__EXERCISE OBJECTIVE__. Copy exactly, and copy nothing else: the line that contains "Polar Dining Table" and all lines after it in the listing, without pictures.

###

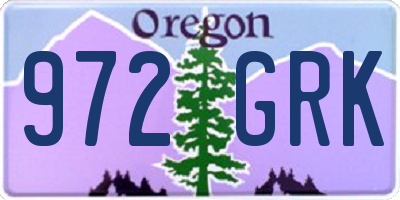 OR license plate 972GRK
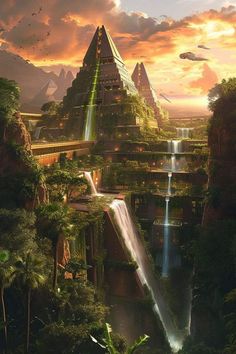 an artist's rendering of a futuristic city with waterfall and mountains in the background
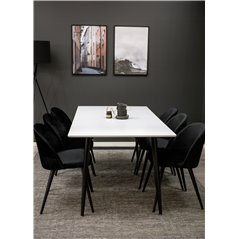 Polar Dining Table - 180*90*H75 - White / Black, Velvet Dining Chair - Black / Black_6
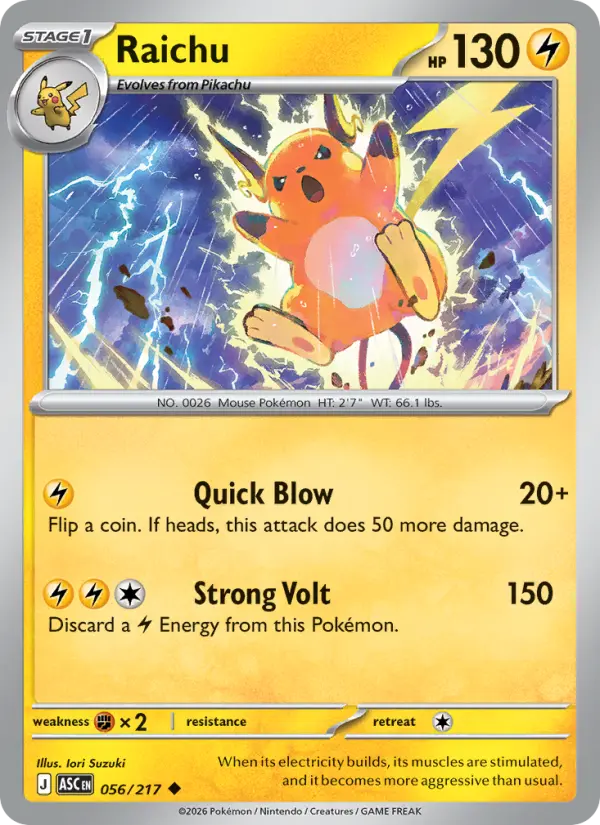 Raichu 56 Ascended Heroes Pokesingles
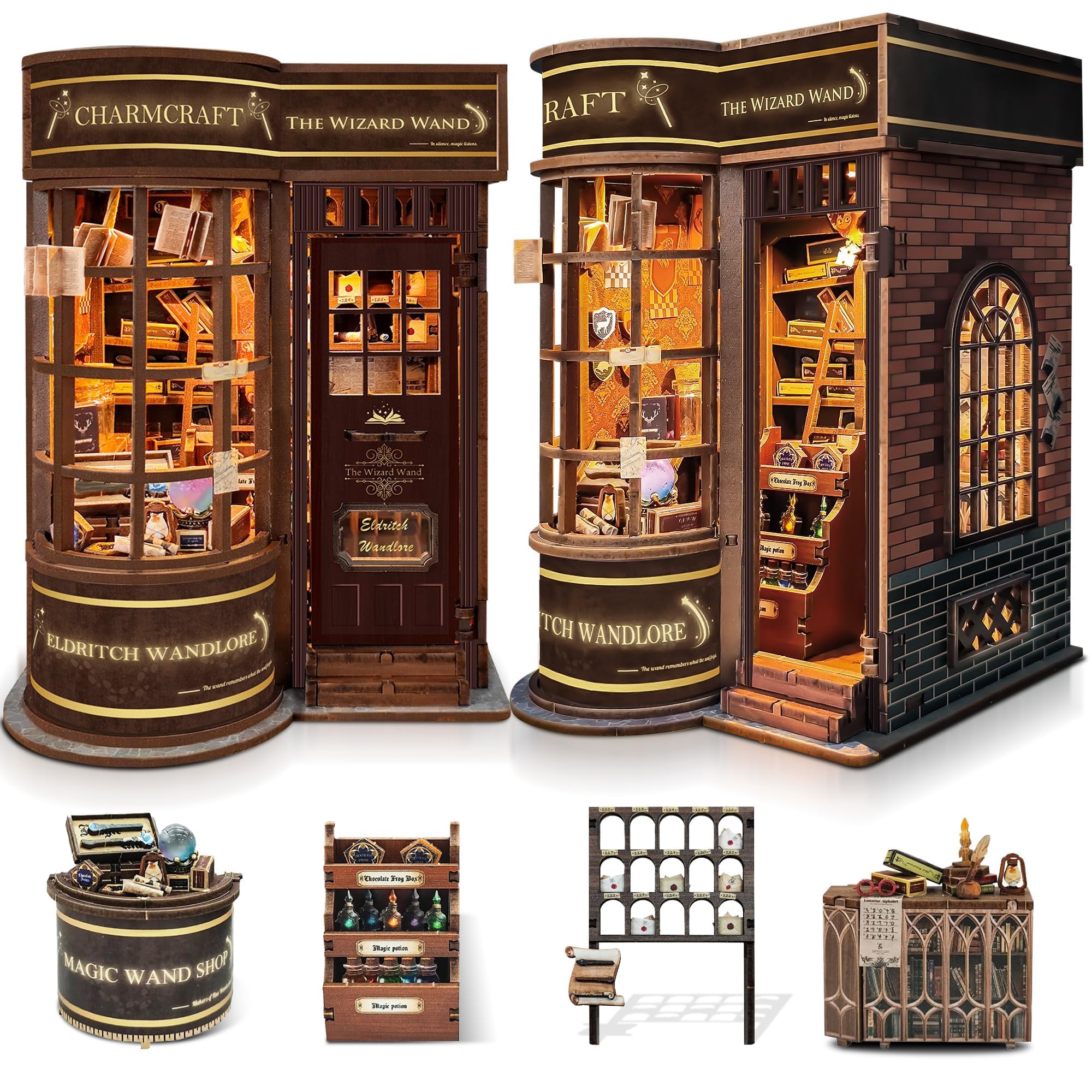 Book Nook Kits for Adults: SUNNINO Book Nook Kit Model Kits Craft Kits for Adults - DIY Miniature House Kit for Bookshelf Booknook Tiny House with Sensor Led Light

###

__ANSWER FOR THE TASK__.
 Polar Dining Table - 180*90*H75 - White / Black, Velvet Dining Chair - Black / Black_6
 Raichu 56 Ascended Heroes Pokesingles
 Book Nook Kits for Adults: SUNNINO Book Nook Kit Model Kits Craft Kits for Adults - DIY Miniature House Kit for Bookshelf Booknook Tiny House with Sensor Led Light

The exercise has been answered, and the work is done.